Catching up on the NYT Book Review from June 12, I was amazed to find that Julia Reed entirely missed the point of Miss Manners' Guide to Excruciatingly Correct Behavior (the review is on pp.8-9). Apparently, Julia Reed thinks Miss Manners (aka Judith Martin) is mainly of interest for her 1) rigidity; 2) nostalgia; 3) wit. It's a very positive review, but apparently Miss Reed is unaware that Miss Manners is of interest not for her views on table settings but because she is one of the finest political and ethical philosophers of our day!
Yes she is witty but there's a lot more to it. And Reed’s notion that Miss Manners is nostalgic is easily misunderstood. She wants to preserve some elements of the way people behaved in the past, yes, but this just makes her not a radical. Whatever she is, Miss Manners is not the sort of a conservative who “stands athwart history.”

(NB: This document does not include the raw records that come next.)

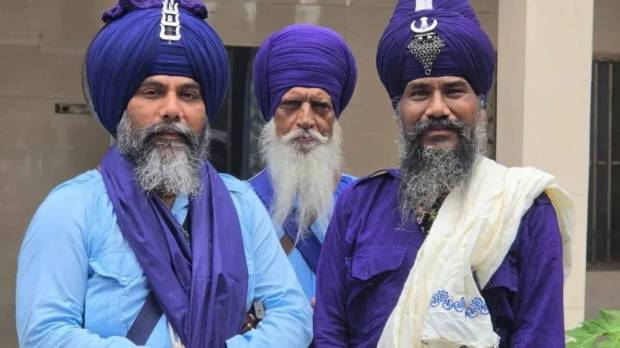 Nihang Sikh in traditional blue attire and turban with traditional weapons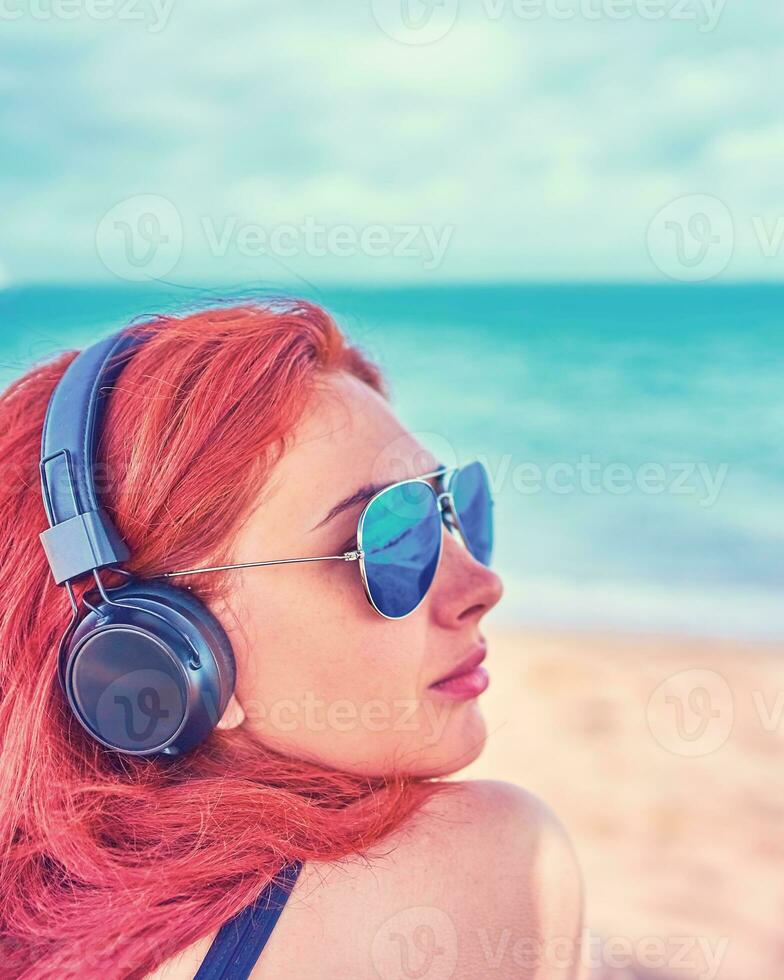 Häftigt kvinna lyssnande till musik på de strand. de flicka åtnjuter en skön se av de hav och lyssnar till musik. foto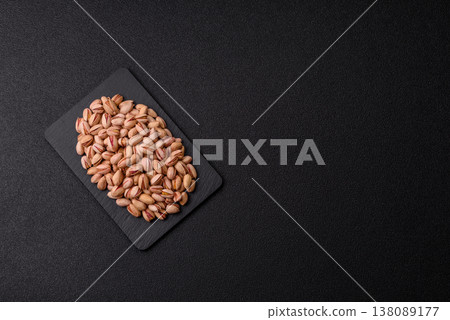 Salted pistachio nuts in shells as a healthy, high calorie food ingredient. Pistachio nuts 138089177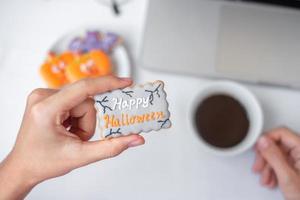 Hand holding Halloween Cookie and drinking coffee during using computer laptop. Happy Halloween, online shopping, Hello October, fall autumn, Festive, party and holiday concept photo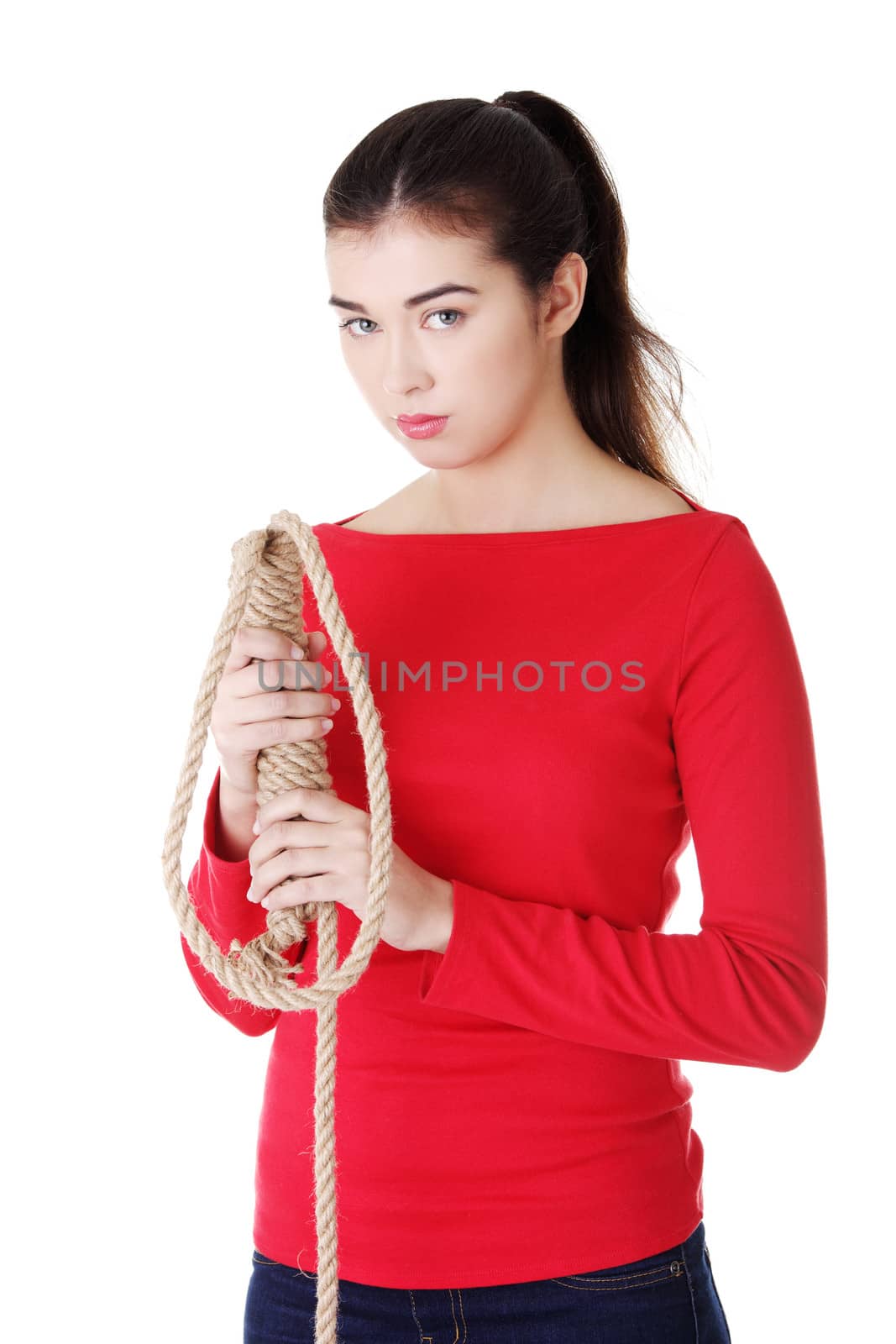 Happy casual woman holding a rope. Isolated on white.
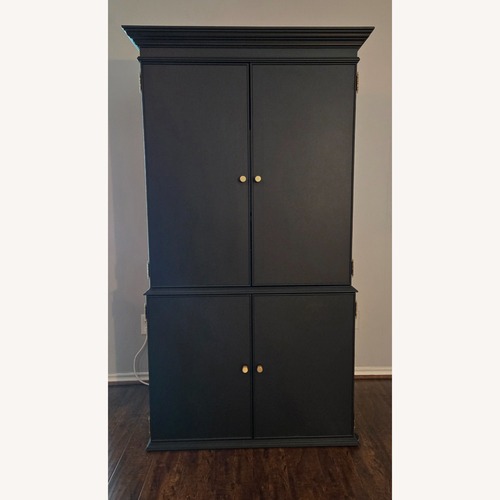 Used Matte Black Armoire for sale on AptDeco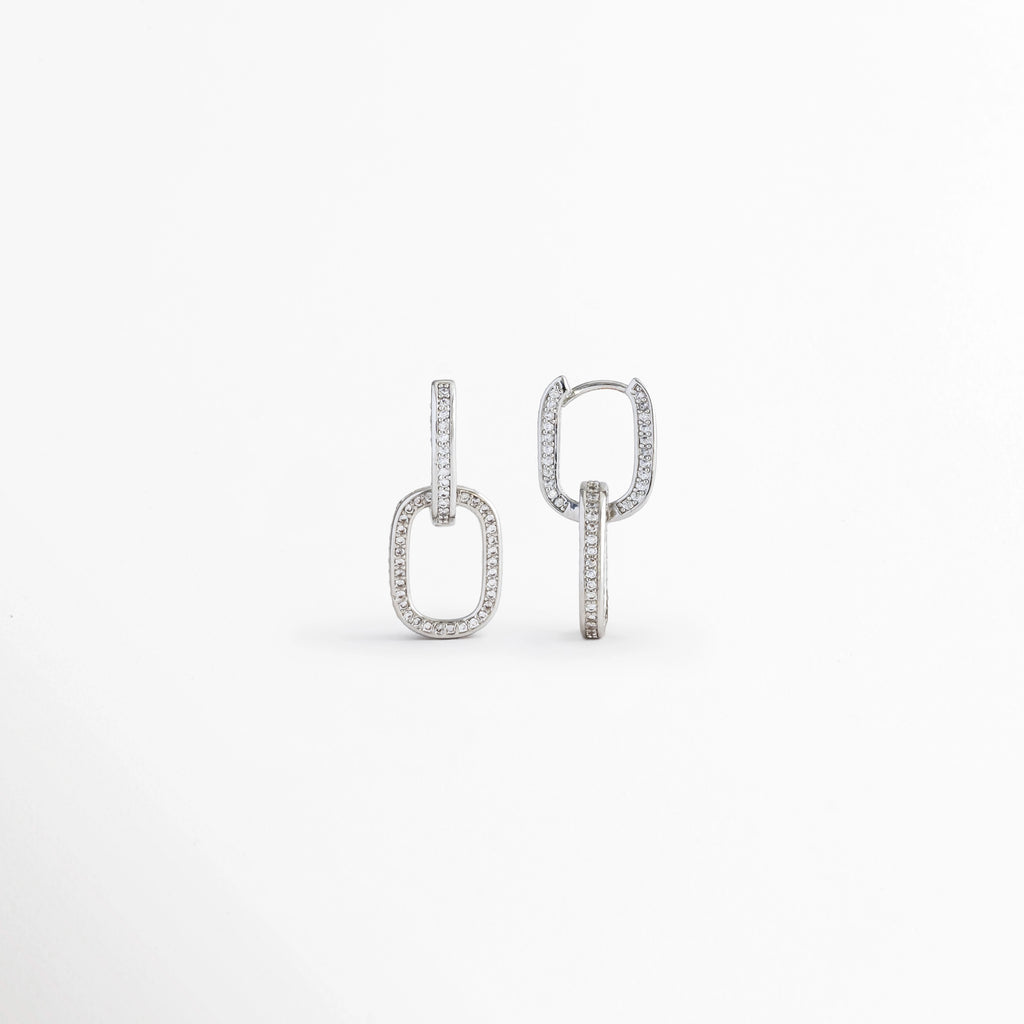 Vista posterior de los Aretes Silver Oria mostrando el broche tipo poste y el diseño rectangular, Parte trasera de los Aretes Silver Oria con cierre tipo poste y acabado en Oro Blanco 14K, Aretes Silver Oria en vista posterior destacando la estructura del broche y el diseño geométrico, Detalle de la parte posterior de los Aretes Silver Oria elaborados en cobre con acabado plateado, Vista trasera de los Aretes Silver Oria mostrando el sistema de cierre tipo poste.
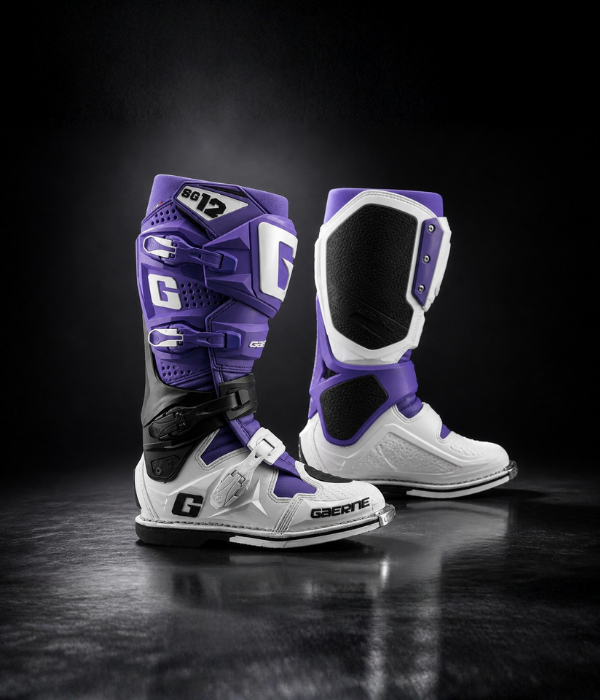 Gaerne SG12 LE motocross boots in purple and white displayed on a glossy studio floor with soft spotlight collection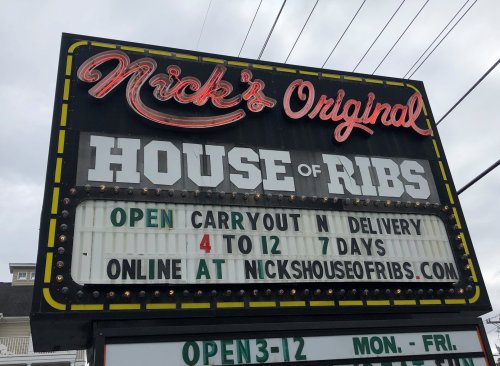 Sign for Nick's Original House of Ribs, featuring hours for carryout and delivery, and website information.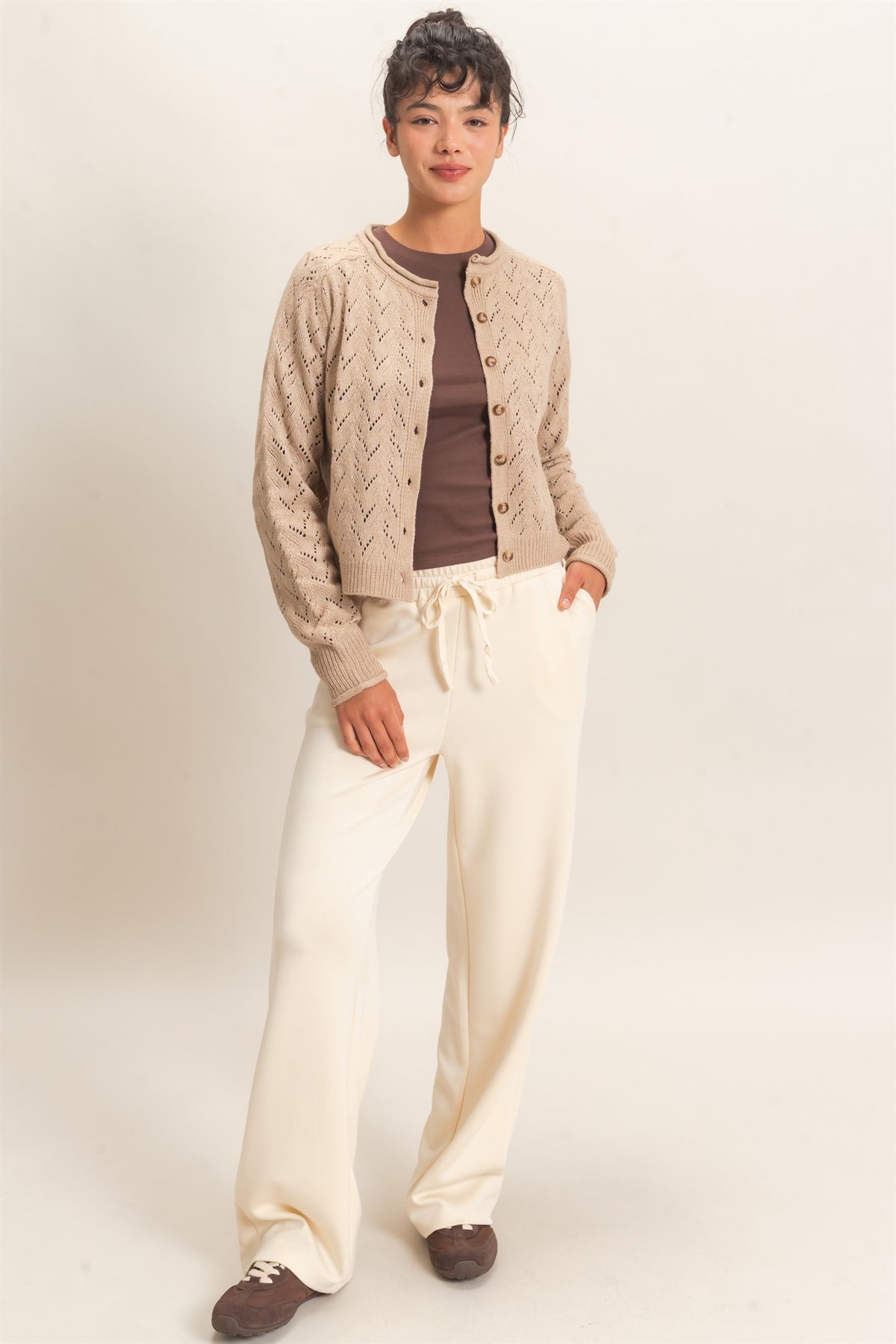 woman modeling lounge pants with brown shirt and taupe cardigan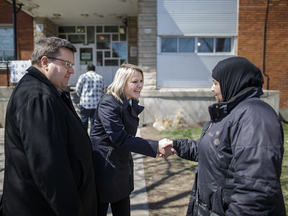 Christine Black, centre, who was running for Equipe Denis Coderre in Montreal North, and Montreal Mayor Denis Coderre greet a voter outside Saint-Vincent-Marie elementary school on voting day Sunday, April 24, 2016. Black won the race by a wide margin, capturing almost 70 per cent of the votes,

If I had to characterize her, I would say she brilliantly synthesizes a kind of classical liberalism with a progressive communitarianism. In the hands of Miss Manners, etiquette teaches that what you do in private is your own business but offers a system that allows for harmony--and decency--in social relations. One of her maxims is that law often steps in where etiquette has, in fact, broken down. One of my favorite teachings from the Great One: when asked how to greet the members of a gay couple when introduced to them, she answers: “How do you do. How do you do.” Let’s put it a different way: “etiquette” might be well translated as derekh eretz.